Bizim televizyonlardaki bir yarışma programında benzer bir fikir ayrılığı bugünlerde Kuran’ın Nur suresi üzerine olurdu herhalde. Sunucu “31. ayette kadınların neresini örtmesi emredilir?” diye sorsa, doğru cevap, o TV kanalının meşrebine göre değişirdi. Eğer mutaassıp bir kanal ise, Hayrettin Karaman gibi çoğunluk din yorumcusunun yolundan giderek, “kadınlar başlarını örtmelidir” cevabı kabul edilirdi.
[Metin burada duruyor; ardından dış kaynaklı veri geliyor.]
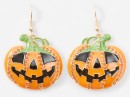 Halloween-Pumpkin-Drop-Earrings-Orange-Green-Black-and-Gold-Tone Sale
Aksi görüşte bir kanal ise, Özdemir İnce gibi düşünenlere uyar ve kadınların mahrem yerlerini kapatmalarının emredildiğini, mahrem ifadesiyle başın değil göğüslerin kastedildiğini belirtirdi.
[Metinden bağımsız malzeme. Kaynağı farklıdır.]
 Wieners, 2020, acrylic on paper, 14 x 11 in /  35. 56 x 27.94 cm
Bu ayetin, Kuran’ın tevil edilmesi gereken ayetleri arasında yer aldığı geleneksel din yorumcuları tarafından ifade edilmekte ve müteşabih (açıklanmaya muhtaç) olduğu belirtilmektedir. Surede geçen humur kelimesinin başörtüsü mü yoksa sadece örtü anlamına mı geldiği İslam hukuku yöntemleri takip edilerek belirlenmeye çalışılmaktadır. Burada geleneklerin, alışkanlıkların, toplum içindeki farklılıkların ve önyargıların birçok meselede yorumun içine karışması kaçınılmaz olmaktadır.
Ama dini meseleleri tercüme yorumlarıyla çözmeye çalışmanın ne kadar sağlıklı bir yöntem olduğu da şüphelidir. Bazı konulardaki belirsizlikleri ve yanlışları gündeme getirmek anlaşılabilir, ama tek tek her kelimeyle uğraşarak yeni bir Kuran yazılamayacağına göre, dinin bütünsel yorumuna dair bir usul tartışmasına ihtiyaç var bugün. Geleneksel fıkıh (İslam hukuku) yöntemleri temel alınarak yapılan tartışmalar nihai olarak o yöntemi her yerde uygulayanların işine yaramaktadır. Belki de asıl mesele şudur: Tarihin ve toplumsal yapının bugün geldiği aşamada dinin yorumlanması usulü, geleneksel “Kuran’dan kıyasa” mekaniğinin dışına çıkabilir mi? Yoksa, hakkında çok daha yakın tarihli kaynakların bulunduğu bir Tolstoy romanının adı konusunda bile anlaşmazlık varken, bin dört yüz yıllık büyük bir dünya dininin bütün meselelerinin ne tercüme ne de tecrübe (geleneksel yorum) yöntemleriyle çözülemeyeceği, yeni değil, daha ilk dört halifenin asrı saadet devrinden beri açıktır.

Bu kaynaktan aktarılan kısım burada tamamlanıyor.